И, как он постоянно делал, перескакивая с темы на тему, без связи между ними, продолжал:
— Довид Кнут был настоящий поэт. А кто его теперь помнит?
Я кивнула и произнесла нараспев:
Имя тебе непонятное дали — ты забытье,
Или, вернее, цианистый калий имя твое.
Он улыбнулся.
— Что ж? Вот вы и без спора как будто победили меня. Сознаюсь, мне очень приятно, когда меня цитируют, когда помнят мои старые стихи наизусть. Все же, повторяю, я не честолюбив и даже скромен.
Спорить мы в ту, почти последнюю, встречу не стали. Разговор перешел на общих знакомых в Америке — кто как живет и что делает. И кто помнит меня и просил мне кланяться.
Теперь я спрашиваю себя — был ли Адамович скромен? И, вспоминая всевозможные факты его жизни и всяческие его высказывания, почти с уверенностью могу ответить — да. Он был скромен.
Конечно, это не мешало ему быть самолюбивым и памятливым. Я не хочу сказать — злопамятливым; хотя все обидное, сказанное о нем, помнил десятками лет, онникогда не мстил за обиды. Но нанесенные его самолюбию обиды все же эмоционально окрашивали его суждение об обидевших его.
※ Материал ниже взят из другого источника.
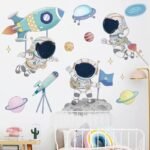 stickers personnalisables pour une chambre enfant sur le theme du cosmos 149 1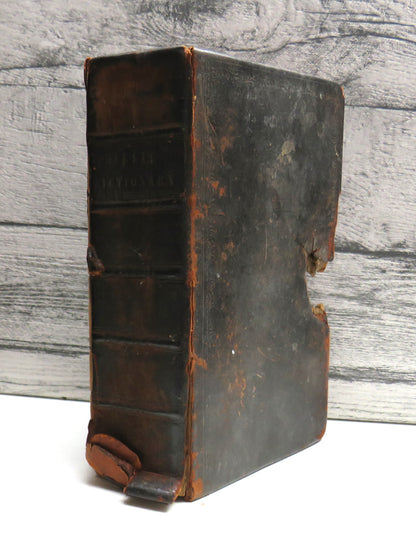 Historical 19thC Scottish Book With Gun Shot A Dictionary of The Gaelic Language In Two Parts 1833 I book front cover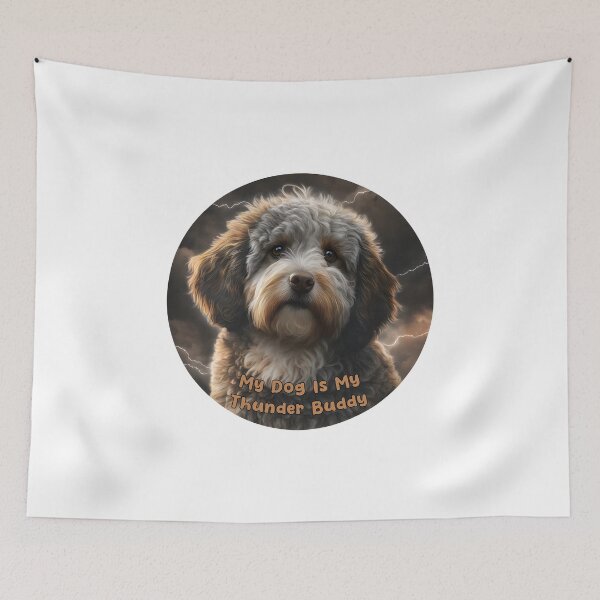 Item preview, My Dog Is My Thunder Buddy designed and sold by youngle.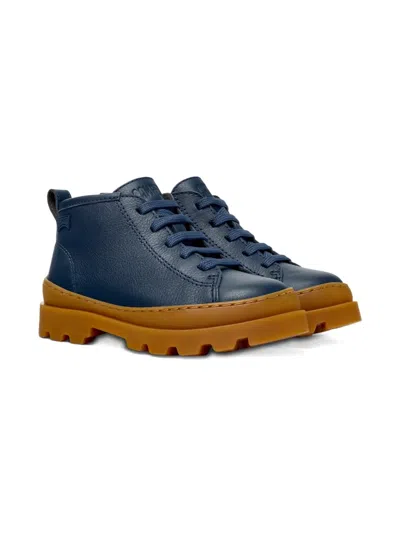 CAMPER LACE-UP LEATHER BOOTS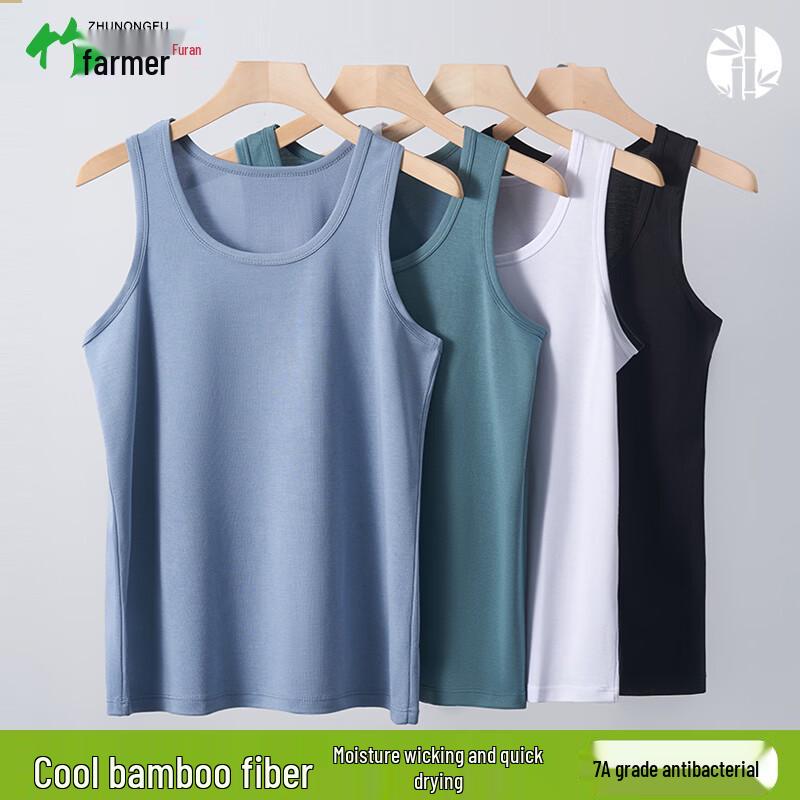 Men s Bamboo Fiber Sweat-Wicking Short-Sleeve T-Shirt L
Так, он, сам того не сознавая, не мог простить Марине Цветаевой ее «Цветника», кстати, чрезвычайно неудачного критического произведения, совсем недостойного ее таланта. Она, так великолепно умевшая восхищаться, не умела, как учил когда-то Чуковский, «проткнуть острым пером врага так, чтобы раненого унесли с поля битвы». Адамович, несмотря на одно из лучших его стихотворений, посвященных ее тени, «Поговорим хотя б теперь, Марина», до конца, по существу, остался ей враждебен и в своем последнем письме из Ниццы писал мне: «Вчера я писал разные мелочи для себя и для вечности впрок и написал, что трех писателей мне иногда читать неловко (за себя и за них) в нисходящем порядке: Достоевского, Розанова и Цветаеву».